Sweder van Wijnbergen is a Senior Economist at the World Bank and a
Research Fellow in the Centre's International Macroeconomics and
International Trade programmes. His research has included the analysis
of fiscal, monetary and trade policies and the effects of oil price
shocks. He is the author of an article in Issue No. 1 of Economic
Policy, on North-South macroeconomic interdependence, and is
co-editor with J Peter Neary of the CEPR volume Natural Resources and
the Macroeconomy. The lunchtime meeting at which he spoke was
sponsored by the German Marshall Fund of the United States. The opinions
expressed by Dr van Wijnbergen were his own, however, and not those of
the World Bank, the German Marshall Fund or of CEPR, which takes no
institutional policy positions.
Wage and price controls are the most controversial aspect of the
three 'heterodox' programmes, van Wijnbergen noted. Before freezing
prices, both Argentina and Israel made major adjustments in public
sector prices and subsidies, and announced that they would gradually
release the price controls. In Brazil, the price freeze was announced
for an indefinite period. The use of price controls distinguishes these
packages from other attempts to end hyperinflation, such as those in
Germany in the 1920s and Bolivia in 1985.
The heterodox countries adopted very different wages policies, however.
In Brazil, nominal wage adjustments before the imposition of the freeze
actually raised real wages, and attempts to lower real wages in
Argentina were unsuccessful. But the Israeli experience was quite
different, and very unusual (see the article by CEPR Research Fellow
Michael Bruno in Issue No. 2 of Economic Policy). After the
stabilization plan was announced, a temporary real wage cut was
negotiated with the powerful Histadrut labour movement, designed to
avoid 'distress' lay-offs by enterprises with temporary liquidity
problems. This had important macroeconomic effects: real wages fell by
18% over the second half of 1985, but by March 1986 they had, as
intended, recovered all but 3% of their average value in the first half
of 1985.
The heterodox countries chose to adopt a fixed exchange rate
against the dollar, whereas previously they had adjusted their exchange
rate in line with the difference between foreign and domestic inflation
rates. The subsequent slide of the dollar against other major currencies
and the fall in the price of oil provided the heterodox countries with
the windfall of improved competitiveness. In Argentina this helped to
offset a disappointing inflation performance immediately after the
plan's introduction. Recently, both Argentina and Brazil have had to
abandon fixed exchange rates in favour of policies which maintain export
competitiveness.
Monetary policy and the behaviour of interest rates varied
significantly among the four countries. Neither Brazil nor Israel
committed itself to a strict money growth rule, and real rates of
interest did not increase significantly from their already high levels.

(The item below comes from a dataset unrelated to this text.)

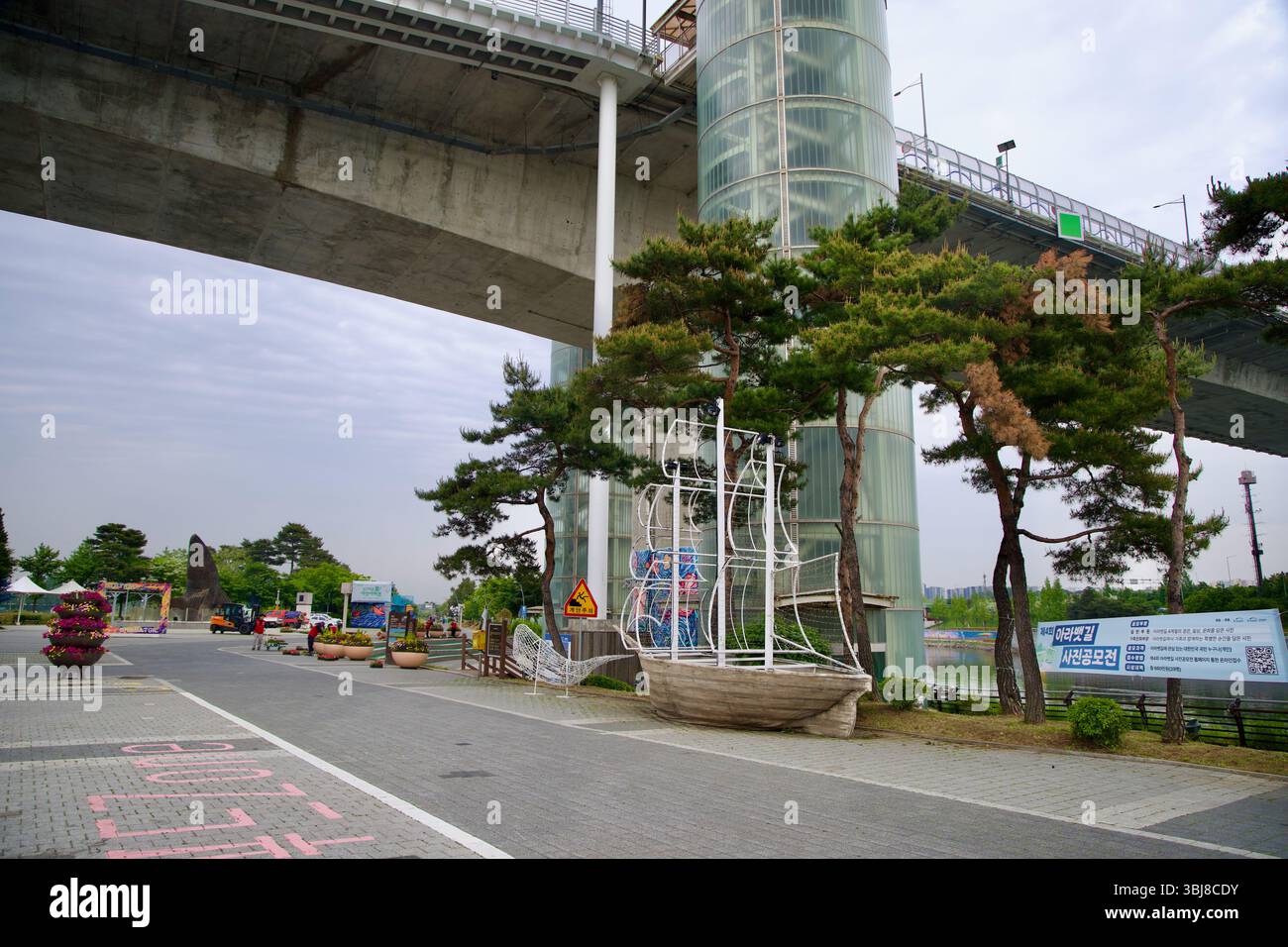 Incheon, South Korea - May 19th 2025: A wire-frame sailboat sculpture and pine trees frame the base of Gyeyang Bridge’s elevator, part of a landscaped Stock Photo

The Argentinian government, however, gave an undertaking not to finance
the public sector by printing money. Accordingly, the short-term
behaviour of real interest rates, investment, and output was very
different in Argentina: real interest rates rose significantly, and the
output costs of the anti-inflation programme seem to have been higher,
although relatively short- lived. Van Wijnbergen's personal view was
that such money supply restrictions might be unnecessary or
counter-productive in anti- inflation programmes, because when inflation
falls dramatically it is natural that the real demand for money balances
should increase.
All four countries achieved dramatic reductions in inflation during the
initial months of the stabilization policies. But the output costs of
the programmes varied widely. In spite of high real interest rates and
tighter fiscal policy, there were no significant falls in output and no
major increases in unemployment in the heterodox countries, which had
adopted wage and price controls. In Israel, output even seems to have
accelerated shortly after the introduction of these programmes. In
Brazil, the plan was introduced in the midst of an expansion, and growth
continued at the same pace after the policy's introduction. Argentina
experienced the depth of the recession in the quarter following the
programme, but a recovery quickly followed. In Bolivia, however, a more
orthodox stabilization programme was followed by a deep recession. But
the far better output and employment records of the three heterdox
countries might be the result of the artificial suppression of very high
inflation, van Wijnbergen noted. The consumer booms in these countries
may be the result of decisions to buy now while prices are low.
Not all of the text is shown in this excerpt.